Además -y quizás sobre todo- rehuía de todo compromiso como el que se establece
entre el caudillo y sus seguidores en el concepto de Alberdi; o entre el
conductor y sus conducidos que explica Perón en “Conducción Política”. Ese
sistema de conducción resultó muy funcional durante la travesía de los ’90, en
que la ley de lemas centrifugó militancias y en que la dirigencia despreció la
organización. Si la cercanía al gran elector es la polea de transmisión del
poder y del prestigio, la obsecuencia deviene más rendidora que el vínculo
orgánico y comprometido del dirigente con la sociedad.
Ese
modelo organizativo se derritió expuesto al calorcito kirchnerista, y fue a la
derrota ante el socialismo en 2007 por negarse a dar cuenta del surgimiento de
la reconstrucción militante bajo el amparo del gobierno de Néstor. Ese modo de
entender, organizar y explicar al peronismo se desorientó o salió corriendo
tras las patronales agropecuarias en 2009, mientras una enorme militancia juvenil
se sumaba en defensa del gobierno de Cristina Fernández. Hubo dirigentes que de
tan correctos se ocultaron para cuidar su imagen, antes que cuidar a su
gobierno. O que optaron por el silencio, para no arriesgar ideas o para no
pagar costos por defenderlas.
No
necesitamos electores, o sea un reducido número de príncipes que elijan por
nosotros. Mucho menos necesitamos un gran elector. Necesitamos dirigentes
decididos a comprometerse con una sociedad militantemente defensora de más y
mejores derechos; a construir colectivamente una fuerza política capaz de
generar propuestas serias y consensos amplios para gobernar con justicia y
garantizar libertades. Un dirigente político no es -no es sólo, no es
principalmente, no debe ser- su individualidad estricta y sus charlas privadas.

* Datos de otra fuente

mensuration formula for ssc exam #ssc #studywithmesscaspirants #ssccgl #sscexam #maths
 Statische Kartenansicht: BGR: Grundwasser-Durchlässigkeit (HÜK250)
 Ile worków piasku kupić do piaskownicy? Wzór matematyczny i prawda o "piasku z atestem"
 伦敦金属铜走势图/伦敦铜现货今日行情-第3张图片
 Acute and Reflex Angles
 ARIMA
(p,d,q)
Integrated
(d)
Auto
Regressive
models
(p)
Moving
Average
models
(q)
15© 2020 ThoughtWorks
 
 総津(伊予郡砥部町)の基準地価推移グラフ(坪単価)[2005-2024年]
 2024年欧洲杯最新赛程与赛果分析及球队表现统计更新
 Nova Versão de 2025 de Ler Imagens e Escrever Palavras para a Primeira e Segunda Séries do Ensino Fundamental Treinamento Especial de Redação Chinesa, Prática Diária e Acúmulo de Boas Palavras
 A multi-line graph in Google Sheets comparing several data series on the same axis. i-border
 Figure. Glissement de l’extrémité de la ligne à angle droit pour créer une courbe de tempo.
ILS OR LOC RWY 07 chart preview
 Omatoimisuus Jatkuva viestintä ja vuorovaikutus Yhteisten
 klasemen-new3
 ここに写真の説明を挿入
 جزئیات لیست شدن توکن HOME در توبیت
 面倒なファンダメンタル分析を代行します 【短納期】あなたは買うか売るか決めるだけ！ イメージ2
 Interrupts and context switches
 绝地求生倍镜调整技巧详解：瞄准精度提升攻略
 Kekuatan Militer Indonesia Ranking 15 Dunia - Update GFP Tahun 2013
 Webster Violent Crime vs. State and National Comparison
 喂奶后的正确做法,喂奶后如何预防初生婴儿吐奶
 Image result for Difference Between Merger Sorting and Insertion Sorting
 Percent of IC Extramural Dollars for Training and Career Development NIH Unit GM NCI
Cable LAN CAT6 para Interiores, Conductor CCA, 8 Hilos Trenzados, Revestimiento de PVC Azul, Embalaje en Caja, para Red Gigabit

Un dirigente no es su frase del día ni un titular logrado en los diarios. Un
dirigente es su individualidad de hoy como resultante de una historia de la que
ha de poder dar cuenta; es su capacidad de sugerir y garantizar futuros a los
demás; y es la trama de sus relaciones y su discurso –público- que lo
condicionan, determinan y explican.
Un
partido moderno ha de cuidar tanto que sus mejores dirigentes traduzcan su
prestigio a potencialidad electoral; como que sus buenos candidatos sean
dirigentes comprometidos con la construcción cotidiana de una organización y
con lealtades a su ideario. Debemos evitar que, por nombrar las cosas como no
se debe ni corresponde, las malas palabras hagan pervivir metodologías a
contrapelo de nuestras convicciones. Hay que evitar que modos equivocados
ayuden, como dice Silvio Rodríguez, a eternizar dioses del ocaso vendiendo
pasado en copa nueva.
Barco
quieto, vientos y otoño
Dicen
que cualquier viento le viene bien a quien no sabe hacia dónde quiere navegar.
Las
transacciones sociales y los
intercambios de servicios y bienes de la sociedad moderna implican aceptar
pequeños acuerdos tácitos, otorgarse confianzas y validar certidumbres
establecidas. Eso vale también –o tendría que valer- para los partidos
políticos
El
hecho intrascendente y cotidiano de tomar un tren nos parece natural,
naturalidad que se ve alterada cuando cambian las señales que ordenan la
estación, o viajamos a un país donde esas indicaciones difieren un poco de las
que nos resultan habituales. Si imaginamos qué sentiría y cómo se comportaría
en Atocha un castellano del siglo XI, o en Retiro un culto inca del Cusco,
veremos frágil aquella naturalidad. Las deducciones del agudo Sherlock Holmes
para resolver sus enigmas se sostienen en buena parte sobre la puntillosa
puntualidad del telégrafo y los ferrocarriles ingleses de fines del siglo XIX.
Tomar
un colectivo lo mismo. Saludamos al conductor sin dudar que nos llevará, por un camino acordado, hacia nuestro
destino.
Al
comienzo de “Un Otoño en Pekín”, Boris Vian nos cuenta que Amadis Dudu, su
protagonista, se levanta como todos los días en lo que parece un suburbio de
París. Como todos los días se encamina a la parada del ómnibus 975, pero se le
escapa por segundos el del horario que toma rutinariamente. Apurado por llegar
al trabajo va perdiendo los que siguen, impedido por pasajeros, choferes e
inspectores enloquecidos que lo empujan y destratan. Como su apuro por llegar
va creciendo, apenas ve pasar otro 975 lo para y se sube, saluda al simpático
chofer y se acomoda en los asientos. Pero el coche hace el recorrido en sentido
contrario y termina en la parada de comienzo de línea. Se confía al chofer, que
arranca con rumbo incierto. Las cosas terminan de desviarse, el chofer está
loco, lo mismo que los pasajeros, y termina llegando al desierto de Exopotamia,
del que no puede salir y donde queda atrapado en medio de historias absurdas.
Les
puede pasar a todos, por lo que conviene evitar la tentación por el atajo
salvador, o subirse a un colectivo y no mirar a dónde va. Le ha pasado al
peronismo, apurado a veces por ganar sin saber qué, y le pasa al radicalismo,
que va de furgón de cola del tren fantasma.